I found myself listening to the DVD commentary track on Partners in Crime. It features Execs Russell T Davies and Julie Gardner plus director James Strong and they make for jolly company. Davies is in ebullient form, gushing over various aspects of the production, explaining his creative choices with confidence and generally laughing at the sheer unlikeliness of it all. Gardner is equally fulsome, quick to address the episode’s technical faults but still clearly loving it none the less. Strong is a more reserved, but wry and happy to be the butt of good-hearted barbs about any directorial shortcomings.

Funnily enough, I’d also listened to the commentary track on the recently randomed Journey’s End. That one’s even more uproarious and features Davies, David Tennant and Catherine Tate. They keep it together well enough, until Tate abandons talking about Doctor Who and reveals news about her new kitten. (The name? I wouldn’t spoil it for you, but it brings the house down). Laughs galore. Hooray. Marvellous.

I mention all this because of the aura it gives off – of a program created by people who love what they do, who get along famously, and who have a heartily good time making it. These DVD commentaries are texts of their own, they suggest a working environment for late RTD era Who of grand behind-the-scene bonhomie. It all sounds like immense fun.

*****

A book I return to time and time again is The Writer’s Tale, by Davies and DWM feature writer Benjamin Cook. It’s a magnificent blow by blow account of Davies making Doctor Who from 2007-2010. The book’s two authors correspond via email and Davies is incredibly candid about the pressures involved in making the show. And although his humour and mischievousness still shine through, a lot of the book shows the melancholy and loneliness of creating a TV show, the size, scope and expectations of which are bewildering. It contrasts strongly with the green room party feel of those commentary tracks.

(Oh, that book.

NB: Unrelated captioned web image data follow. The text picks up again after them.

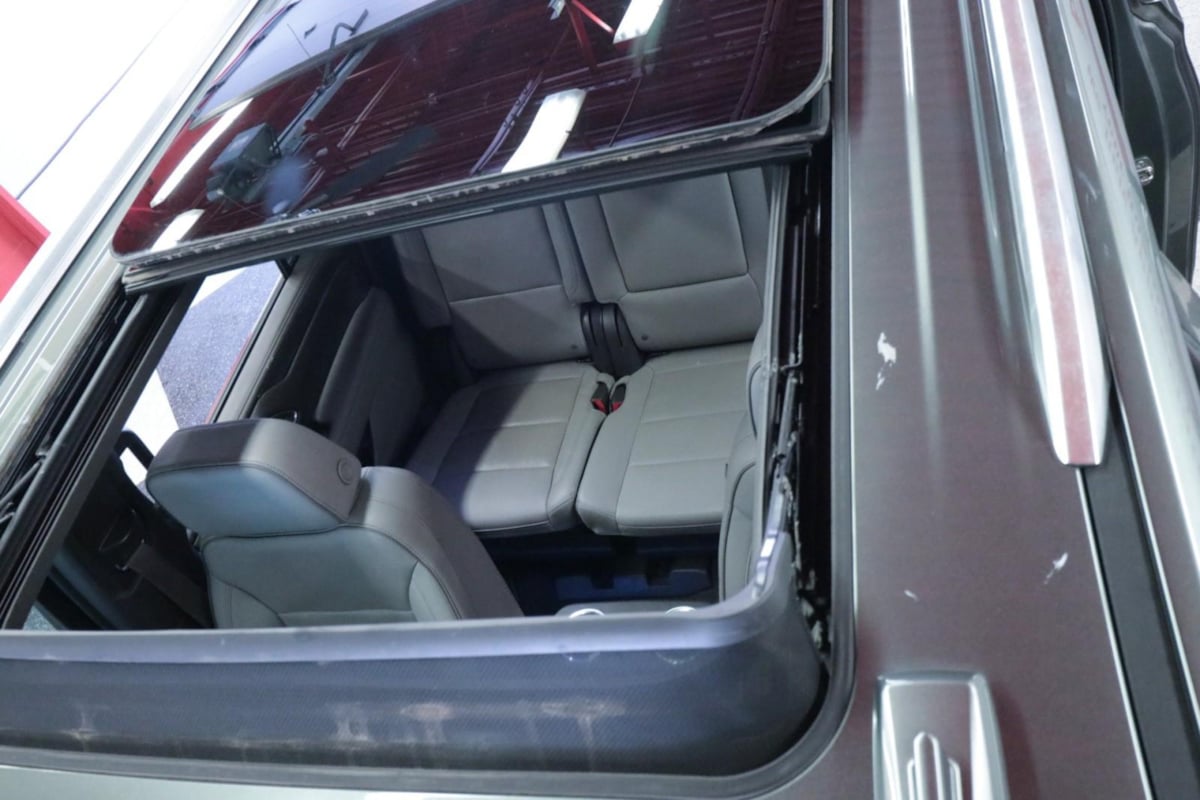 2023 Gmc Yukon XL SLT photo 16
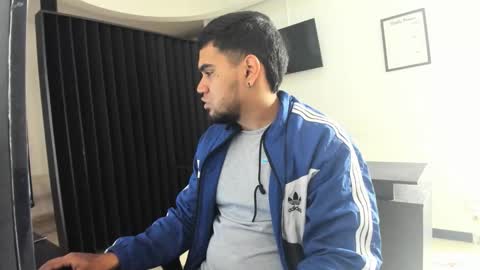 ig aaron hunter123 online show from 03.28.26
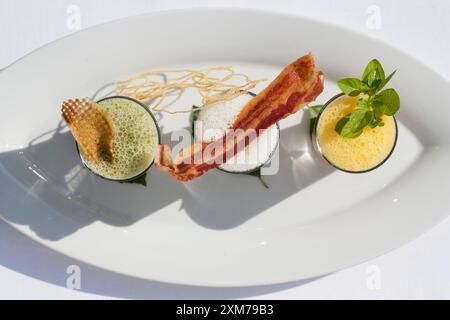 Soupe d'épinards, soupe de pommes de terre et soupe de carottes Banque D'Images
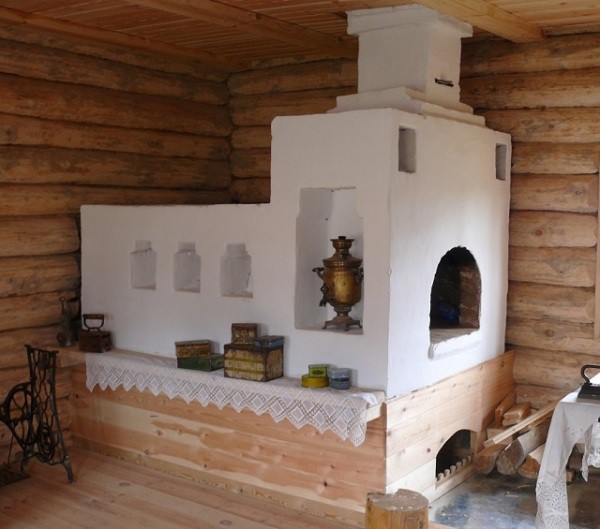 Plastered and painted stove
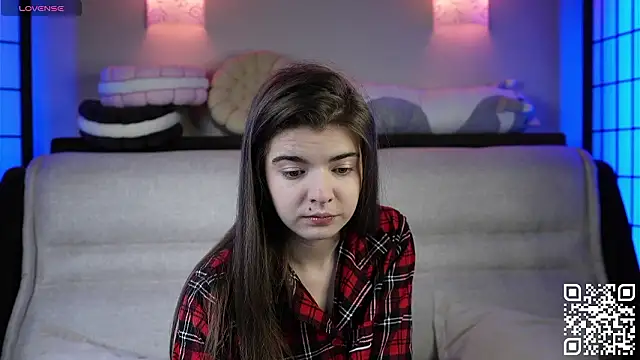 Mary Shake online show from 03-18-26, 11:41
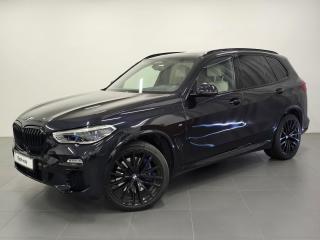 BMW X5 M50i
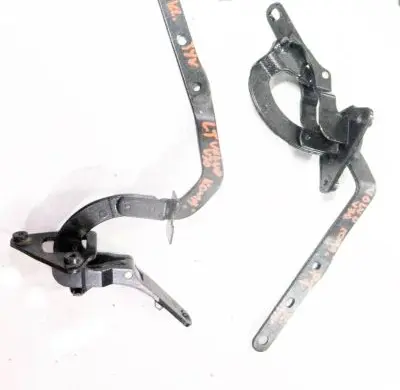 Volvo V70 Tailgate/trunk/boot hinge 8643153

It’s addictive. On occasion, I’ll decide to just dip into quickly to check something or other. Two hours later I’m still reading it. Anything else scheduled gets abandoned. Honestly, it should come with a warning.)

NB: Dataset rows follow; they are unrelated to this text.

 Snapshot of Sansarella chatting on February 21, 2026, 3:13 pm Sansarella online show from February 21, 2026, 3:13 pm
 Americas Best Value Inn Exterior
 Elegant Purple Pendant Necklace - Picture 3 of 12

The book starts with the production of series 4, and so Partners in Crime is featured heavily. We get to trace it from conception through the broadcast, and it’s one of those stories that went through many changes. It always featured a new companion, until Catherine Tate was wooed back. It was going to feature furry beasts called the Vorlax, before the squishy Adipose were conceived. It also featured Donna’s Dad played by Howard Attfield, right through to filming, until ill health forced him out and he was replaced by Bernard Cribbins as Wilf.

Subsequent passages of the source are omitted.